Given data:
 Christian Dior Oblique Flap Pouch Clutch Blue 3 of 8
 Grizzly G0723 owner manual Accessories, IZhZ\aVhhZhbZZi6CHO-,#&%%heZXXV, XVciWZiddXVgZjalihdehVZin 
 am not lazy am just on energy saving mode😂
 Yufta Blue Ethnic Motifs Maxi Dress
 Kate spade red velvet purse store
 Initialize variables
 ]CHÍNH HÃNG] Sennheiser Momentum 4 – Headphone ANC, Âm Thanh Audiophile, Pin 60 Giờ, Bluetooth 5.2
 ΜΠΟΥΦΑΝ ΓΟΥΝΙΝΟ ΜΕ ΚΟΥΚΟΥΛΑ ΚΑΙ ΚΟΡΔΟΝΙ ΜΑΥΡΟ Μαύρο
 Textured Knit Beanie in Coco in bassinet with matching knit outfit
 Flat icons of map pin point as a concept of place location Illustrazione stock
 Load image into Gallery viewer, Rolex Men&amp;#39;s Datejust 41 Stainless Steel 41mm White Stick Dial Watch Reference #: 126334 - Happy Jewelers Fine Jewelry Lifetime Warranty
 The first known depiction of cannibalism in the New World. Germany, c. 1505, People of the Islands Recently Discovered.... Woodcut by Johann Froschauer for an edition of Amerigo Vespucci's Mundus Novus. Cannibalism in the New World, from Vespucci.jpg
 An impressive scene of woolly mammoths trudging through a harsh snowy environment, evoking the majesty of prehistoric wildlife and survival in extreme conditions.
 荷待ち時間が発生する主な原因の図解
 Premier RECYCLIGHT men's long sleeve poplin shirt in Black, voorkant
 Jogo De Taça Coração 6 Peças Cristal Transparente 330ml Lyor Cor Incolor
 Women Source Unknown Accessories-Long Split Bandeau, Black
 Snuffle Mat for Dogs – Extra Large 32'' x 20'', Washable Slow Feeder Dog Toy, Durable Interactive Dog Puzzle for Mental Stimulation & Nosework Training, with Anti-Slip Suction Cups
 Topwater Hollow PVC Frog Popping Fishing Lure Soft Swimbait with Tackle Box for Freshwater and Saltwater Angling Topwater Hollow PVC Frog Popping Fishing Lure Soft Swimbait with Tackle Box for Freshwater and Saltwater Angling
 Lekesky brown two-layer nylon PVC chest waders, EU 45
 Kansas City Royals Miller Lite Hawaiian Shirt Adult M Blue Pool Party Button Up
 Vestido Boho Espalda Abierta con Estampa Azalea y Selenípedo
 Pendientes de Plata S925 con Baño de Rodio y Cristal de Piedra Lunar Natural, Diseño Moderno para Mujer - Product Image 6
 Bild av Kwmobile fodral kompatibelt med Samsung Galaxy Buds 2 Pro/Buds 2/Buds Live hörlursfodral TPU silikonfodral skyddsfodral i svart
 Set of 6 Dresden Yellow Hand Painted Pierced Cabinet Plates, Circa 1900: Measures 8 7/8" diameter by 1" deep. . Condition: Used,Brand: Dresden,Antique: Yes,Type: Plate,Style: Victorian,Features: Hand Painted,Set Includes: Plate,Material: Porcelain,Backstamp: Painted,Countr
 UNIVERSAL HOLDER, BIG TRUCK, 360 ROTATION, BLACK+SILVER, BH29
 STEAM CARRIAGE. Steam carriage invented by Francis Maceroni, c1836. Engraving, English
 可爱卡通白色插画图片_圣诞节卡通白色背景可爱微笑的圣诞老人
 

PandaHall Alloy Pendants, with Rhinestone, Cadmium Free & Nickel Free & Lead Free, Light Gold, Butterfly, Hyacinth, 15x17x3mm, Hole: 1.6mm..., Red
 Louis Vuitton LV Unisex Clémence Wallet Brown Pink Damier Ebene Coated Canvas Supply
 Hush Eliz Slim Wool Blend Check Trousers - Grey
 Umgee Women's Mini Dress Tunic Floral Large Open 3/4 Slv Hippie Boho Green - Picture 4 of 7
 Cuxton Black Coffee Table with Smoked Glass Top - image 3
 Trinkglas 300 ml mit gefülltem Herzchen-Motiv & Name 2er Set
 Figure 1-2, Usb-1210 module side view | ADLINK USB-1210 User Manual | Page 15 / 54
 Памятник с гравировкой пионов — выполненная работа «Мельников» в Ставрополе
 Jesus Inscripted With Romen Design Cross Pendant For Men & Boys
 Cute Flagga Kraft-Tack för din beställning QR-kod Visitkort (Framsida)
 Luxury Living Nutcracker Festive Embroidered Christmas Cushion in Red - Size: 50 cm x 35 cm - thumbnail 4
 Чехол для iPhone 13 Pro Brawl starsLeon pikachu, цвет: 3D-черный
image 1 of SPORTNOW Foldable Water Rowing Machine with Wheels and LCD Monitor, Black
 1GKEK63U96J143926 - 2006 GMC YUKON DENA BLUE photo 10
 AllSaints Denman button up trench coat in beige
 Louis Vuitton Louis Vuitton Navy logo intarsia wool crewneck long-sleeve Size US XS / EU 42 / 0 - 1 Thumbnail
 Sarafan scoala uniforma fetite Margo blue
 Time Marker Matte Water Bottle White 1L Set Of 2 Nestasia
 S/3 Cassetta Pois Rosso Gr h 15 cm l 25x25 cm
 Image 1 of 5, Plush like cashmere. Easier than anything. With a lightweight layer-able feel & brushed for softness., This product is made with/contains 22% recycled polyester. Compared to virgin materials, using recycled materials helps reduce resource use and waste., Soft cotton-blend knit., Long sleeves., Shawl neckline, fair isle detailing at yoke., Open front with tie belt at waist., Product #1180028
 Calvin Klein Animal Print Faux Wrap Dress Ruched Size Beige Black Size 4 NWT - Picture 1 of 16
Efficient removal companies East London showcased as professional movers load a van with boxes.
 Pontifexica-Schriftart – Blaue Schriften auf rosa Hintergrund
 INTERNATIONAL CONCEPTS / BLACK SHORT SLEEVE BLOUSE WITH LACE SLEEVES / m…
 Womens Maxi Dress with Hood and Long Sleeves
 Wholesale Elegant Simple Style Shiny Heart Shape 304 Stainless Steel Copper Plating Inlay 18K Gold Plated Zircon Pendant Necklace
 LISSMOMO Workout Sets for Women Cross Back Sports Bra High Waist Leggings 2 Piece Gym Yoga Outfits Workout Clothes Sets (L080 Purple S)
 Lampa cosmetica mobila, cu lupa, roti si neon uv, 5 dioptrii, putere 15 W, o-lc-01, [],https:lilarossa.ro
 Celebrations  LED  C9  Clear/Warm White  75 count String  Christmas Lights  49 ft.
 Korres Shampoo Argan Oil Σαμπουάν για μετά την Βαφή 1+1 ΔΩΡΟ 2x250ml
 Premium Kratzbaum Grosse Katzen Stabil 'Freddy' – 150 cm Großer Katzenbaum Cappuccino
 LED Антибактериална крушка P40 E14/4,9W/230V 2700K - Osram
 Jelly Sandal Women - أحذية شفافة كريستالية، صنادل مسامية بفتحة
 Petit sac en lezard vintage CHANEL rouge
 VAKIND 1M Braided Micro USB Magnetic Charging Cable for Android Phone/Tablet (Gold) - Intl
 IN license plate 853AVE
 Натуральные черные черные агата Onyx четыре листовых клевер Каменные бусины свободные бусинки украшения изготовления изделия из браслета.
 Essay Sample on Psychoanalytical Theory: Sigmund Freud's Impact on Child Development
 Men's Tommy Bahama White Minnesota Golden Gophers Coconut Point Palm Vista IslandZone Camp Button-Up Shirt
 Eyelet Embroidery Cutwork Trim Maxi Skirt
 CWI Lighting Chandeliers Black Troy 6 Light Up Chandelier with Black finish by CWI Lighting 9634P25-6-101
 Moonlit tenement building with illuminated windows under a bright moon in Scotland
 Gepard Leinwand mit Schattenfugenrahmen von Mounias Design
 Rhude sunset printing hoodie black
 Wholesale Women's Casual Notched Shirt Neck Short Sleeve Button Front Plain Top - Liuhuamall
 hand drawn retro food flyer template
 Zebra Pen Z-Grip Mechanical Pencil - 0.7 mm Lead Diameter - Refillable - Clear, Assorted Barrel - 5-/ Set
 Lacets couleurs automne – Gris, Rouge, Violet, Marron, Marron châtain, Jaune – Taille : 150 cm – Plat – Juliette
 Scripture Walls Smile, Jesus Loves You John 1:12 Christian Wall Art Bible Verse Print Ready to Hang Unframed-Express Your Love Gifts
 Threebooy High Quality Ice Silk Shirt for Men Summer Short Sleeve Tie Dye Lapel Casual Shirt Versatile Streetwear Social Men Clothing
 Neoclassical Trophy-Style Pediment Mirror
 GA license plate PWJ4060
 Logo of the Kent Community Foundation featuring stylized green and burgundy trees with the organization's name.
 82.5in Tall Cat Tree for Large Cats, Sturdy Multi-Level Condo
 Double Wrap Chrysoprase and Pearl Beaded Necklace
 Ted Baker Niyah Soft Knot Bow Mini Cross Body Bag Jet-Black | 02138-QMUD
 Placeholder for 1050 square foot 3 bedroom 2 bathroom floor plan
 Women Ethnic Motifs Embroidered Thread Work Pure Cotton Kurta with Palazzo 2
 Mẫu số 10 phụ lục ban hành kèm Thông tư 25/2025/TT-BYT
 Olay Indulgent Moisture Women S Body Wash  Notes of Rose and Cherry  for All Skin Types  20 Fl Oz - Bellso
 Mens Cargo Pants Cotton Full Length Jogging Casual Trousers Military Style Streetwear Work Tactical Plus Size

Problem to work on: Say how many lines of the material hold the string "Wrap", giving the number alone.

Output of the exercise: 2